● **Task objective**
Reprint the lines below as they are, minus the pictures.

● **Information supplied**
= = = = =

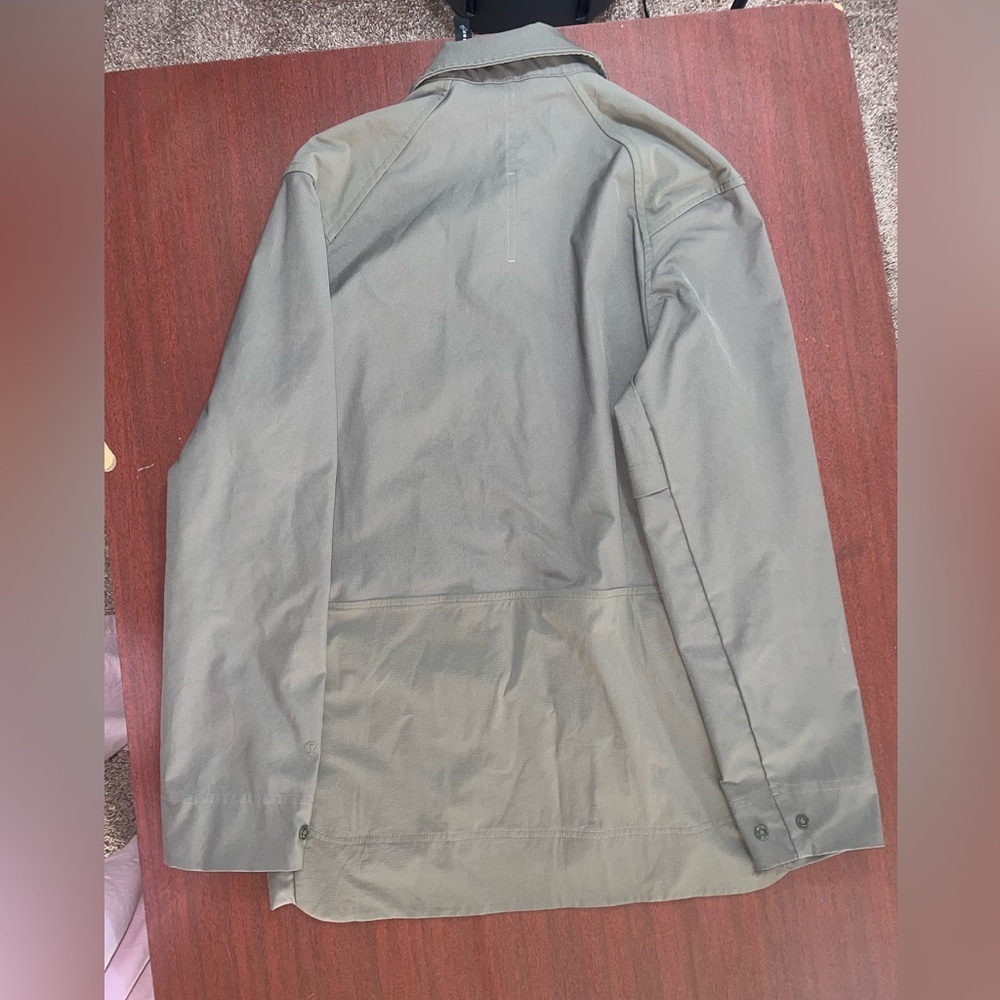 lululemon athletica Men's Olive Jacket - Picture 2 of 4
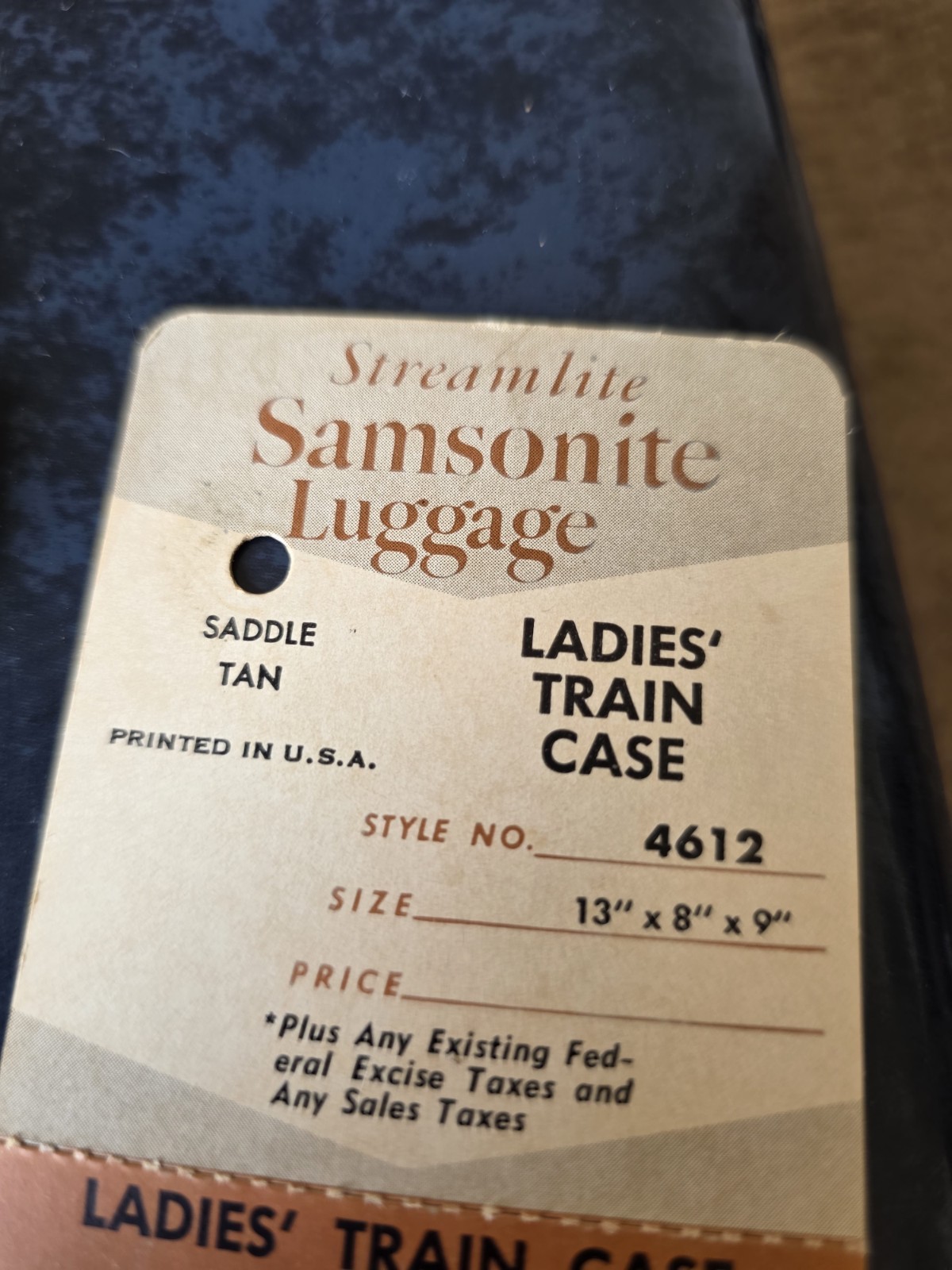 Vintage Samsonite Train Luggage W/Key Style 4612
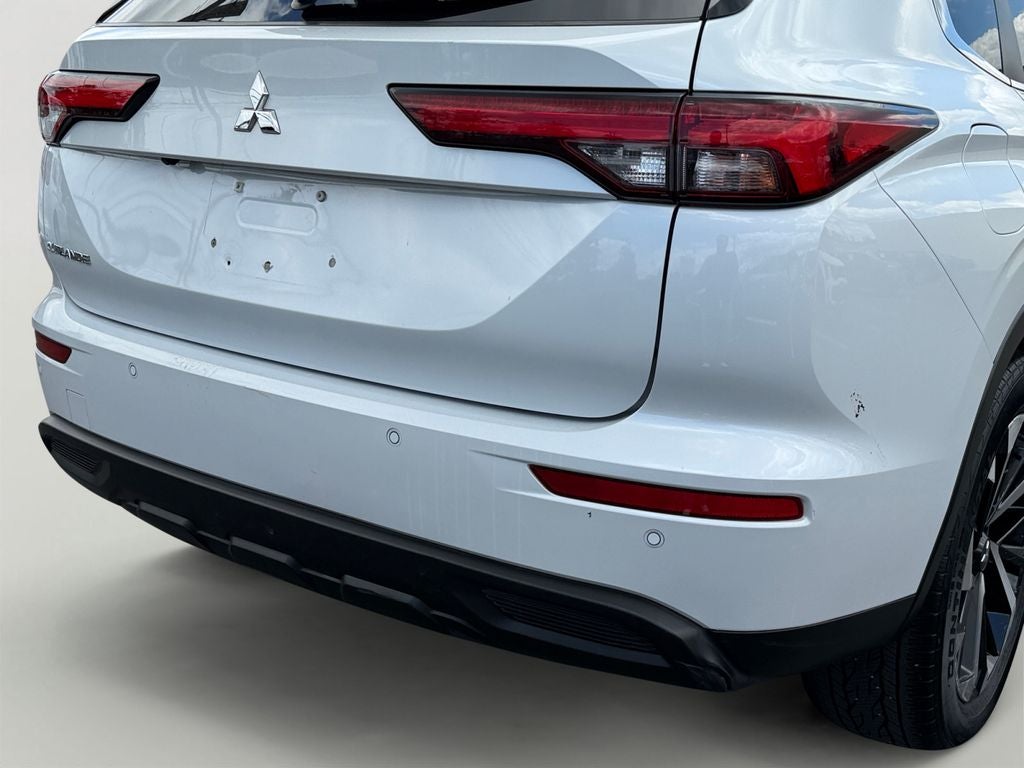 2022 Mitsubishi Outlander ES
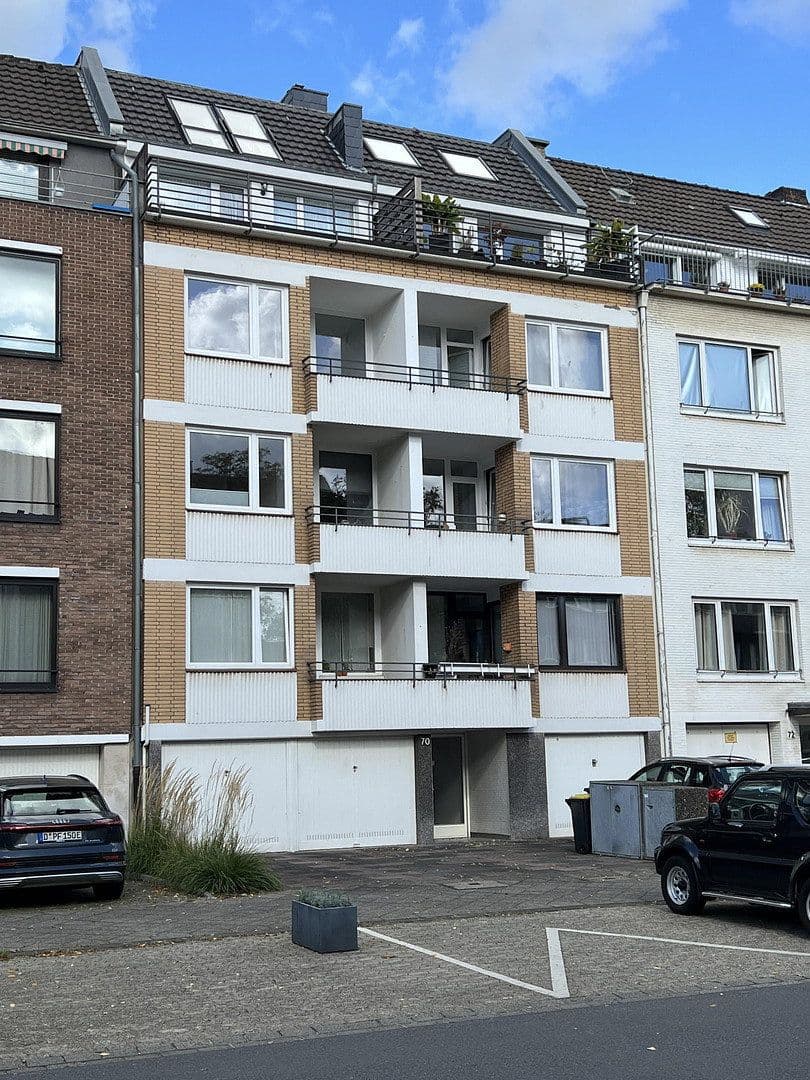 Prenájom bytu 2-izbový 59 m², Grunerstr. 70, Düsseldorf, Severné Porýnie - Westfálsko Prenájom bytu 2-izbový 59 m², Grunerstr. 70, Düsseldorf, Severné Porýnie - Westfálsko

= = = = =

● **Completed exercise**
 lululemon athletica Men's Olive Jacket - Picture 2 of 4
 Vintage Samsonite Train Luggage W/Key Style 4612
 2022 Mitsubishi Outlander ES
 Prenájom bytu 2-izbový 59 m², Grunerstr. 70, Düsseldorf, Severné Porýnie - Westfálsko Prenájom bytu 2-izbový 59 m², Grunerstr. 70, Düsseldorf, Severné Porýnie - Westfálsko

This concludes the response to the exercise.